## Source material

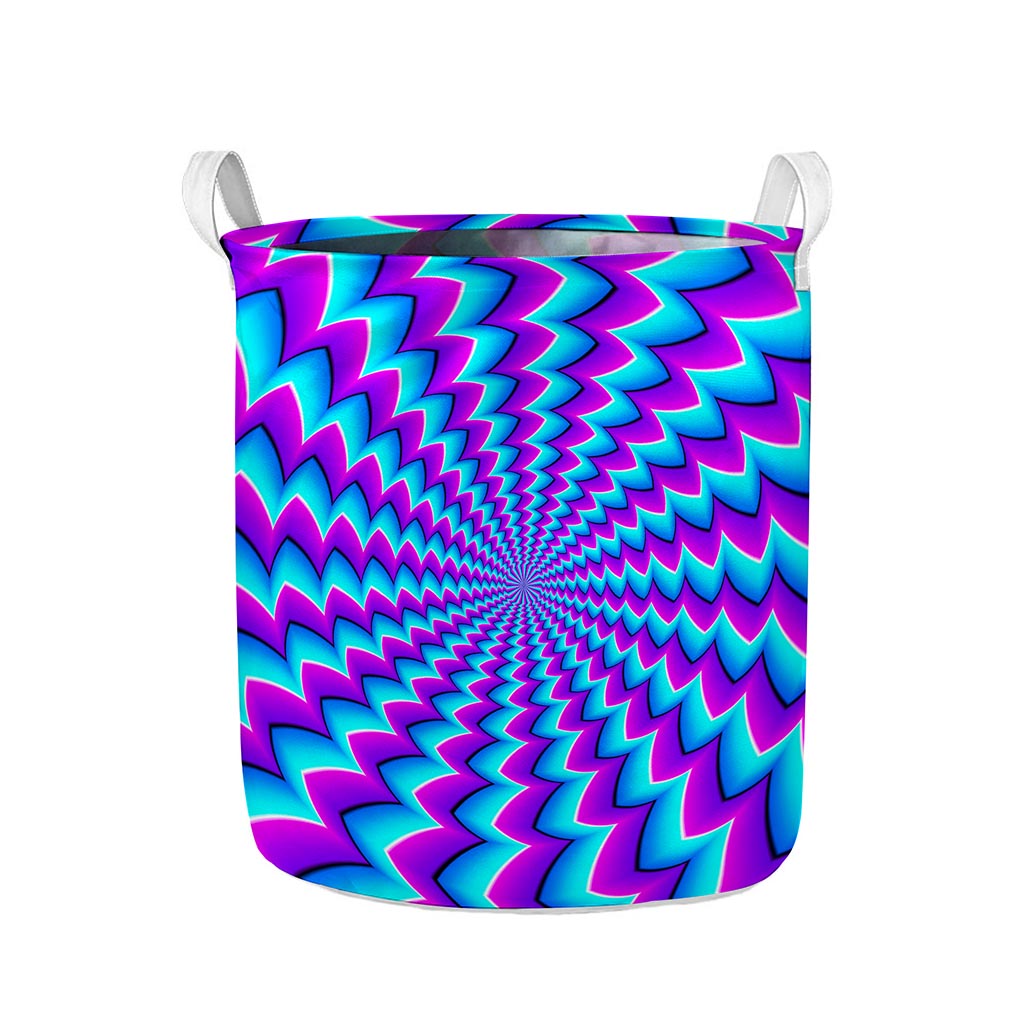 Blue Dizzy Moving Optical Illusion Collapsible Laundry Basket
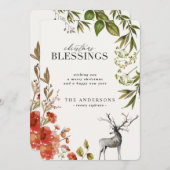 水色の葉はクリスマスカードを詰める。 シーズンカード (正面/裏面)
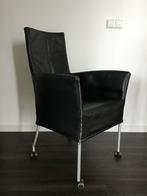 Vier zwarte leren eetstoelen van l’Ancora, Huis en Inrichting, Ophalen, Gebruikt, Zwart, Leer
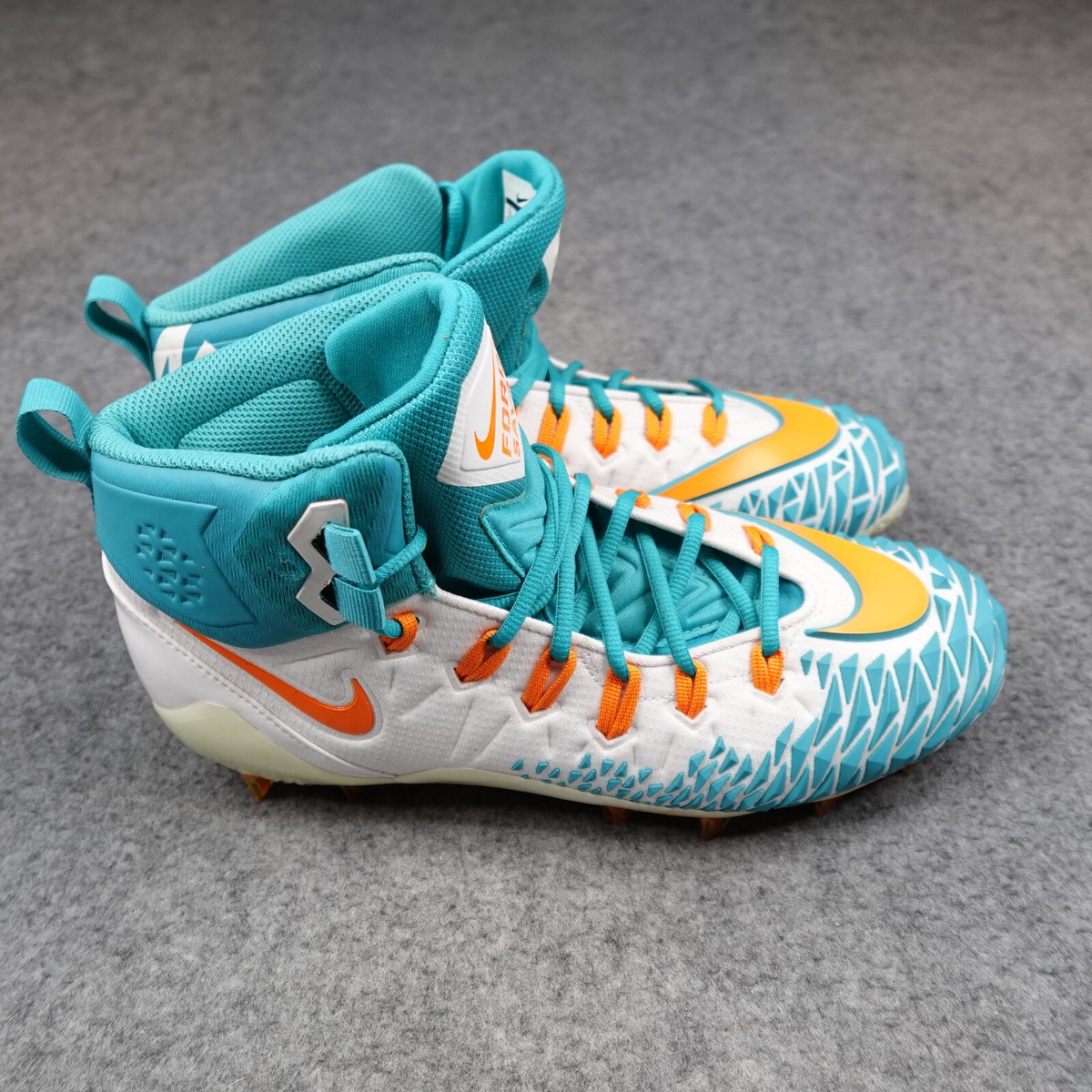 Miami Dolphins Cleats Mens Size 11.5 Aqua Orange NFL Nike Team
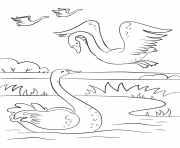 Coloriage automne scene with swans fall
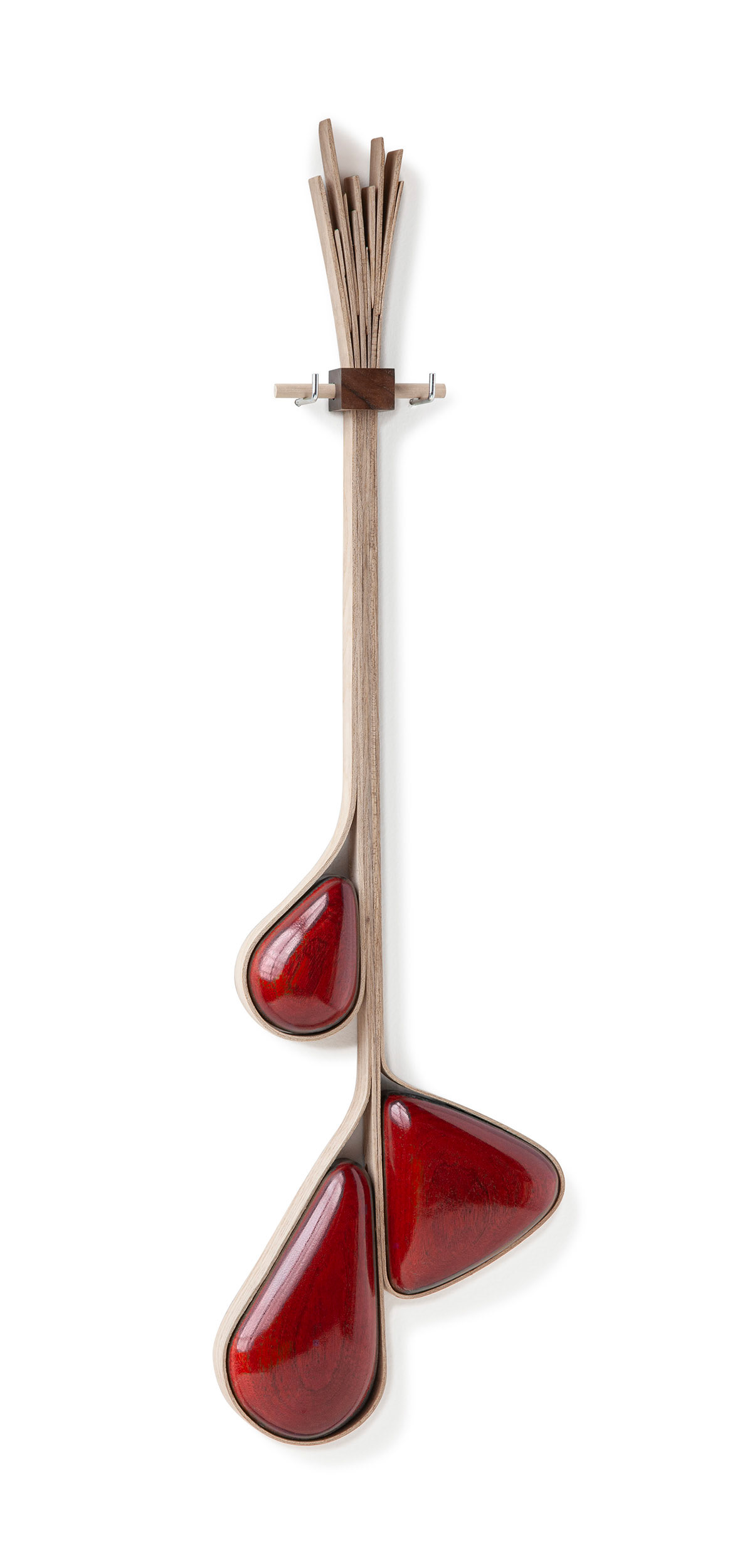 Rubies (SOLD) (2025, carved and bent wood, dye, lacquer, 10" x 34" x 2")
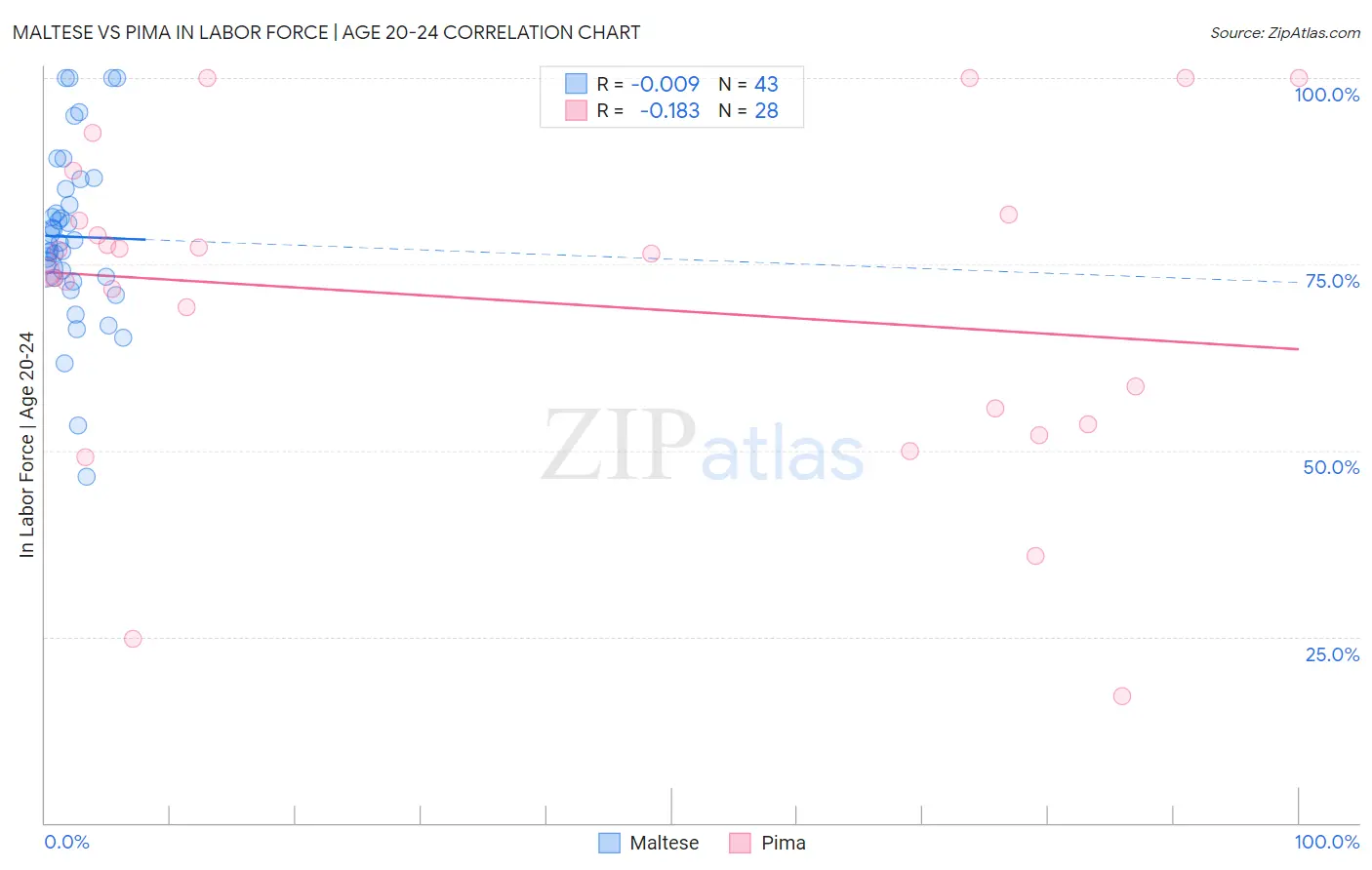 Maltese vs Pima In Labor Force | Age 20-24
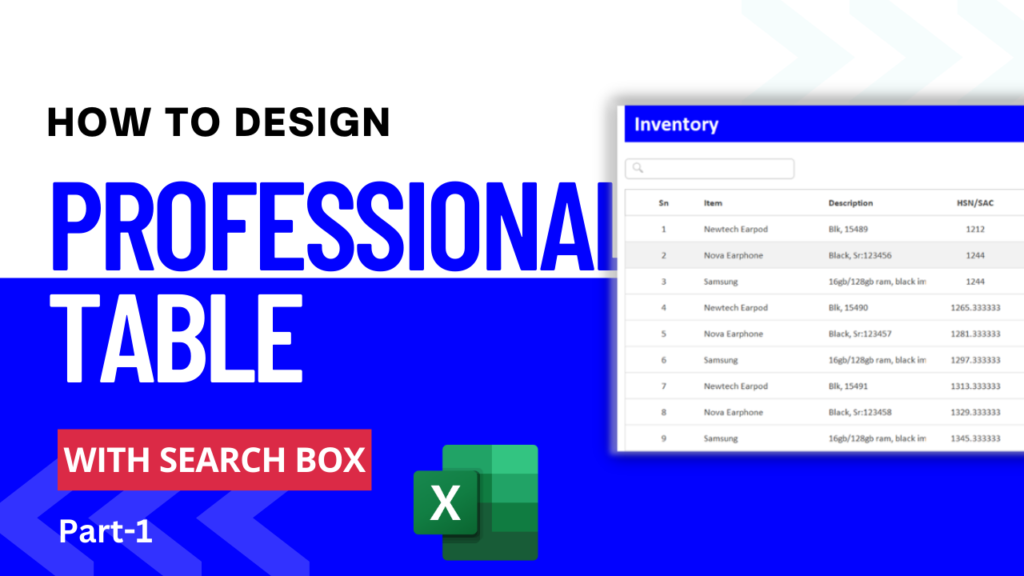 How to design professional table in excel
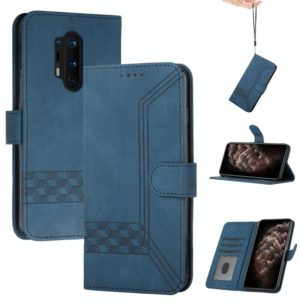 Cubic Skin Feel Flip Leather Phone Case For OnePlus 8 Pro(Blue) (OEM)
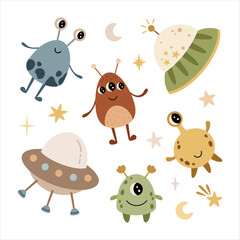 Cute cartoon alien characters and UFO flying saucers for kids space design. Adorable cosmic clipart set. Vector illustration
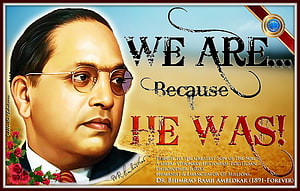 Dr. B.R. Ambedkar Tribute Portrait with Inspirational Quote and Indian Emblem HD wallpaper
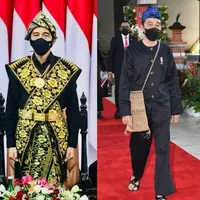Presiden Jokowi giat mempromosikan kebudayaan daerah untuk menumbuhkan rasa cinta terhadap Tanah Air. Salah satu caranya dengan memakai baju tradisional. Berikut deretan potret penampilannya. (Instagram/Jokowi).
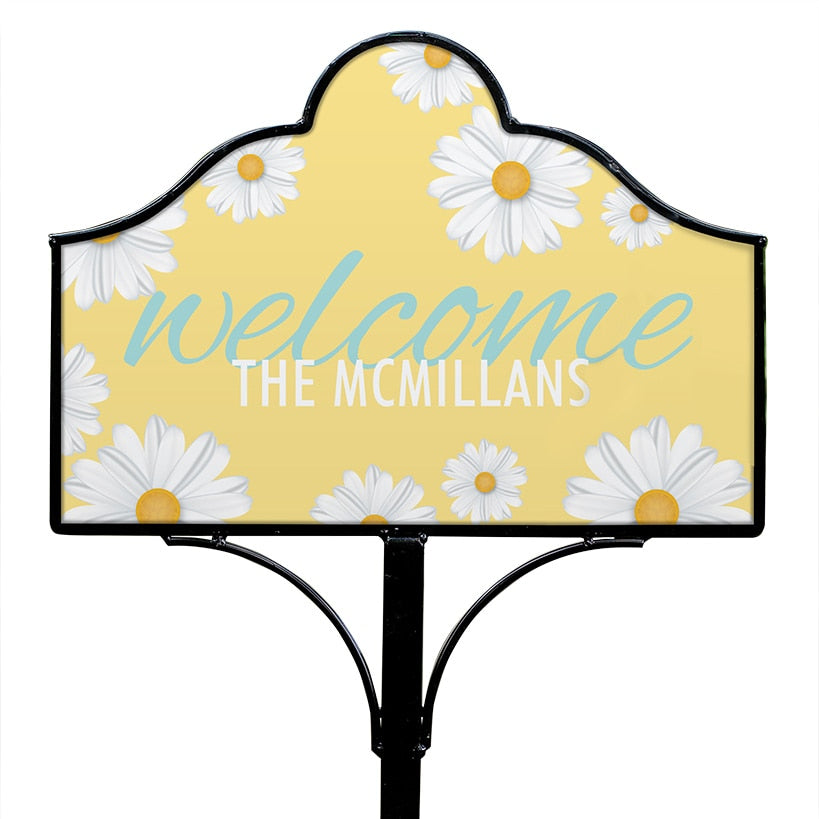 Personalized Spring Daisies Welcome Yard Sign Magnet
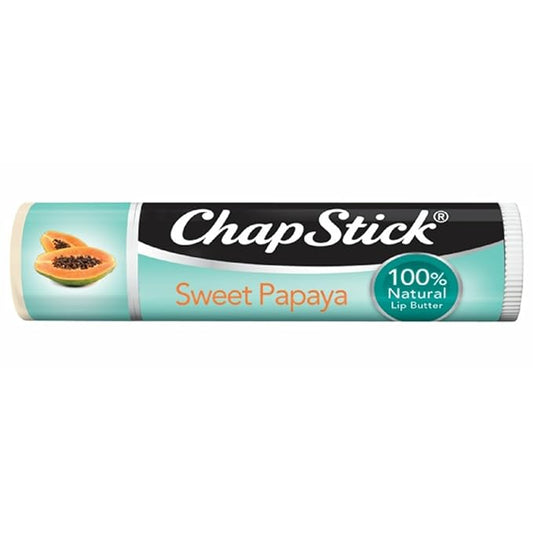 ChapStick Papaya 100% Natural Lip Butter Tube, Lip Balm - 0.15 Oz, Non-tinted, Sweet Papaya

## Assigned task
Copy exactly the lines that begin at the one containing "Cubic Skin Feel" and end at the last line of the records, both included, omitting the pictures.

## Result
 Cubic Skin Feel Flip Leather Phone Case For OnePlus 8 Pro(Blue) (OEM)
 Cute cartoon alien characters and UFO flying saucers for kids space design. Adorable cosmic clipart set. Vector illustration
 Dr. B.R. Ambedkar Tribute Portrait with Inspirational Quote and Indian Emblem HD wallpaper
Presiden Jokowi giat mempromosikan kebudayaan daerah untuk menumbuhkan rasa cinta terhadap Tanah Air. Salah satu caranya dengan memakai baju tradisional. Berikut deretan potret penampilannya. (Instagram/Jokowi).
 Personalized Spring Daisies Welcome Yard Sign Magnet
 ChapStick Papaya 100% Natural Lip Butter Tube, Lip Balm - 0.15 Oz, Non-tinted, Sweet Papaya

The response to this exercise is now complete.